The Times We Inhabit

The discussion around the Dumbledore case is profoundly revealing. I posted the following to one participant in the NY Times  discussion. America’s heart is laid bear in these comments. So here’s my response to one of them: 

I read all the comments up to 155 and then I thought: Without doubt this is the most interesting post. So I had to respond.

Alevard, you said:
“Isn’t the one thing that our faith and leaders preach is the acceptance and loving of others? Isn’t God’s love universal? Or does God select whom to love?”

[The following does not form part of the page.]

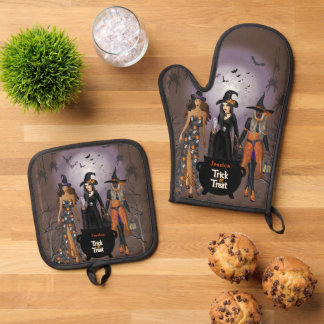 Ensemble De Gant De Cuisine Et De Manique Appel À Toutes Les Sorcières Fête D'Halloween 30E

To which I would say yes, great point! In fact, not only is God’s love universal, according to the Christian Bible, “God is love.” Clearly, this is the foundation of a sound discussion.

Then you say:

“Clearly a few of you don’t support homosexuality, and you know what!? that is your right! But, just because in your eyes its wrong doesn’t make it wrong! Love is what it is. An unexplainable force that blankets us all.”

This paragraph amazes me. First, you generously remind us that we all have rights. In fact, people opposed to homosexuality have the right not to support homosexuality.

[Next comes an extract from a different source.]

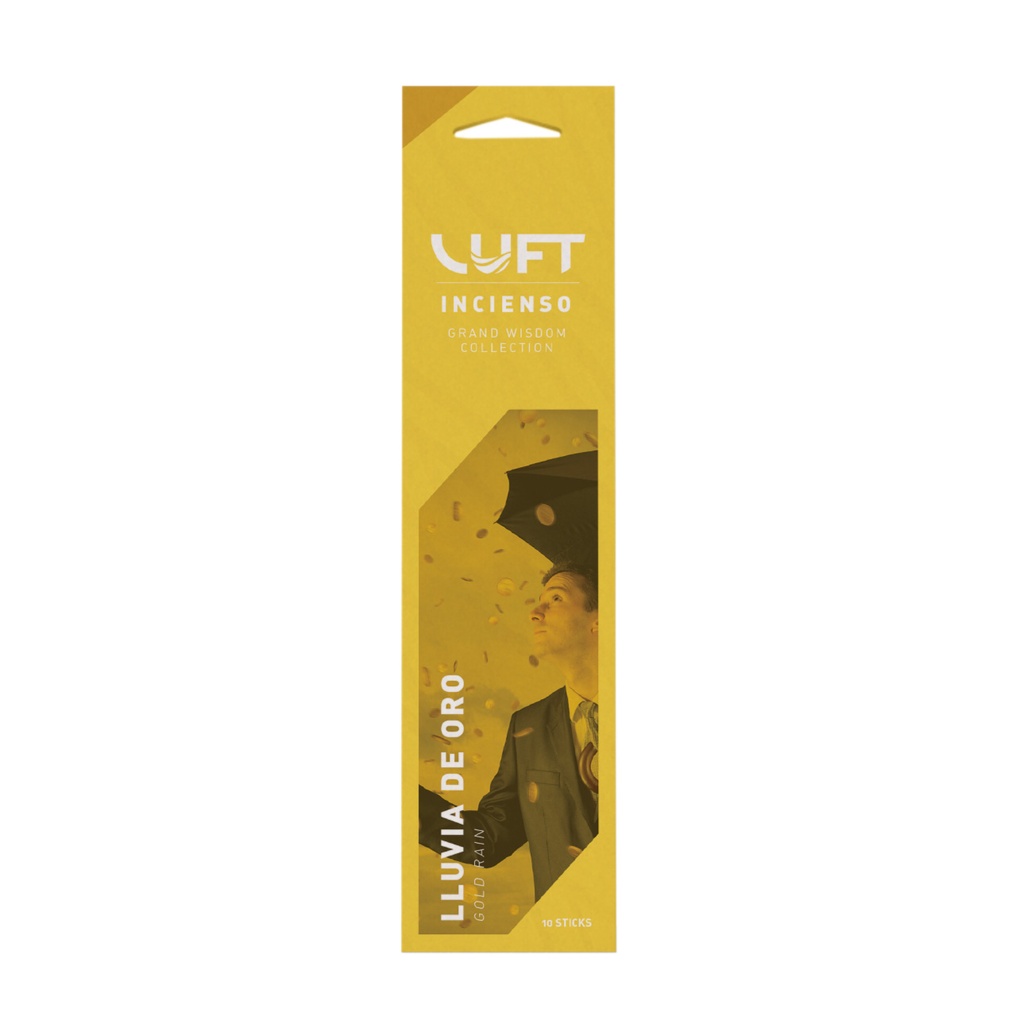 INCIENSO LUFT AROMA X 10 GRAND WISDOM LLUVIA DE ORO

Then you remind us that nobody has the power to determine what is wrong. Even if I think something is wrong, I might be wrong. This is an essential point that we all need to remember. None of us has the power to base what is wrong on our personal tastes.

Then you hit a home run: “love is what it is.”

No matter what anybody has to say about it, it still exists as what it is. Give it another name, it is still love. Give other things the same name, love is still love.

And what is love? You even tell us that: “an unexplainable force that blankets us all.”

Well, I guess you didn’t tell us. An unexplainable force? I’m stymied.

Is it something that acts on us or is it something we do?

That’s actually a critical question, a little like asking whether we are victims of love or lovers.

It reminds me of Paul McCartney’s interview when he was asked how he felt about all the accusations that the Beatles were corrupting youth. He said something like, “We were singing about love. That can’t be bad, can it?”

Well, Paul, yes it can. Mislead us on love and we’re in serious trouble. If love is what I have for a hot babe at the bar (a somewhat unexplainable force) or if it is the same thing that will enable me to keep my vows to my wife “when I’m 64,” I’d call that a pretty practical real world difference.

The Christian conception of love is not that of a very strong feeling over which I have no control, that I cannot rely on because it will go away or redirect itself when something better comes along, and that makes me emotionally dependent on addictive behaviors.

The Christian conception of love is that at some point I choose to love even when the immediate attraction fades, that I resolve to continue loving “for richer, for poorer, in sickness and in health” (i.e. no matter what), and that I will restrict the sexual expression of that love to the person with whom I am covenentally bound “till death do us part.”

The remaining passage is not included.